In this exercise, print only the lines of the records below from the one with "Recommended maintenance and" through the one with "Pharmacokinetics is, of", inclusive. Pictures are not part of the copy.

(Raw data)
☆ ☆ ☆ ☆ ☆ ☆ ☆

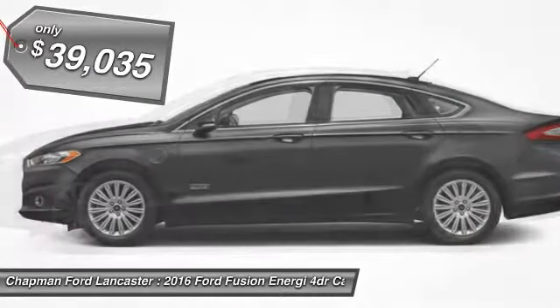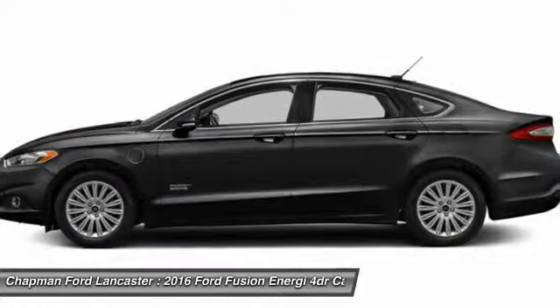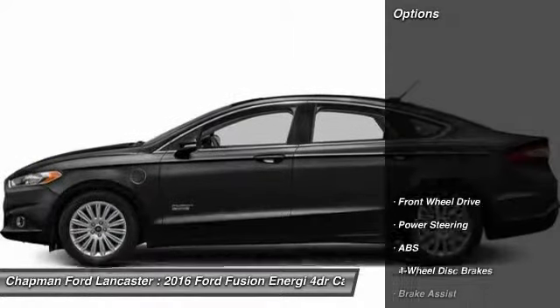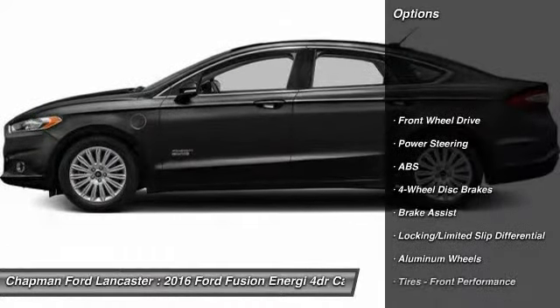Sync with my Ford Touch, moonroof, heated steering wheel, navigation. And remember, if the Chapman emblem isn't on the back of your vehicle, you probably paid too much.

☆ ☆ ☆ ☆ ☆ ☆ ☆

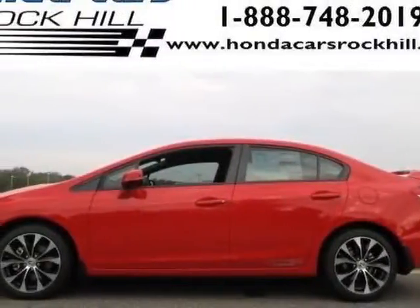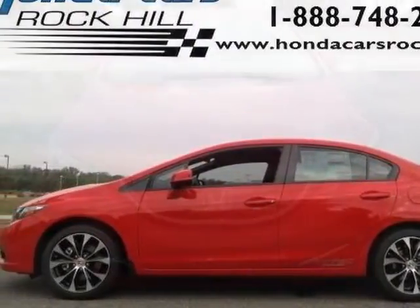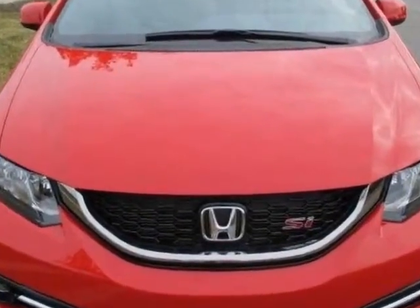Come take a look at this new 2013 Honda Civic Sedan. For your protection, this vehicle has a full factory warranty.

☆ ☆ ☆ ☆ ☆ ☆ ☆

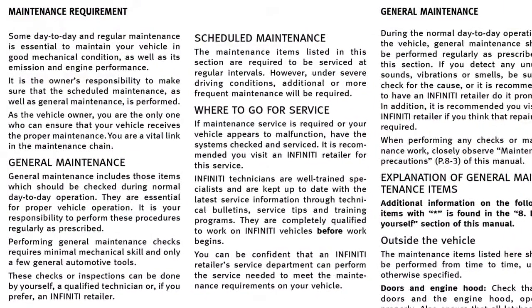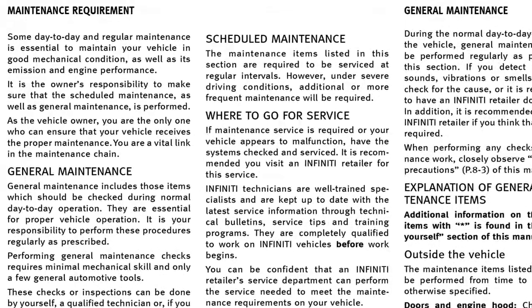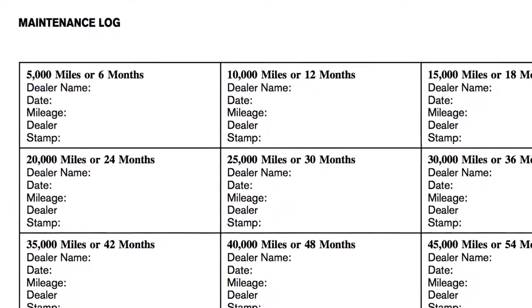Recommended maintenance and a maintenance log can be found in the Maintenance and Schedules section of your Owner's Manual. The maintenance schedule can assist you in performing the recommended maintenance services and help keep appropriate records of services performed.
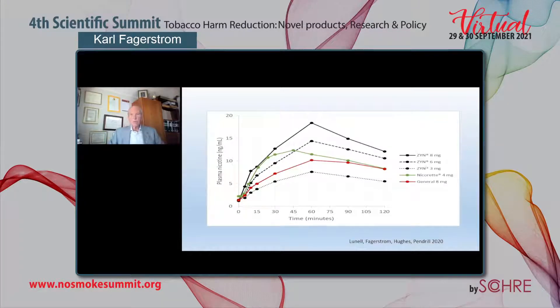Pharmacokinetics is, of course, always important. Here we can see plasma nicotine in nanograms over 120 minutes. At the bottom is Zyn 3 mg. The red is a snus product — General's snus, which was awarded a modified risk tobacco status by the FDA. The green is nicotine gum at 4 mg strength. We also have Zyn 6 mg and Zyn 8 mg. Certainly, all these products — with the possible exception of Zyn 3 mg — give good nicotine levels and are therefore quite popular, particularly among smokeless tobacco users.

☆ ☆ ☆ ☆ ☆ ☆ ☆

(Answer for the task)
Recommended maintenance and a maintenance log can be found in the Maintenance and Schedules section of your Owner's Manual. The maintenance schedule can assist you in performing the recommended maintenance services and help keep appropriate records of services performed.
Pharmacokinetics is, of course, always important. Here we can see plasma nicotine in nanograms over 120 minutes. At the bottom is Zyn 3 mg. The red is a snus product — General's snus, which was awarded a modified risk tobacco status by the FDA. The green is nicotine gum at 4 mg strength. We also have Zyn 6 mg and Zyn 8 mg. Certainly, all these products — with the possible exception of Zyn 3 mg — give good nicotine levels and are therefore quite popular, particularly among smokeless tobacco users.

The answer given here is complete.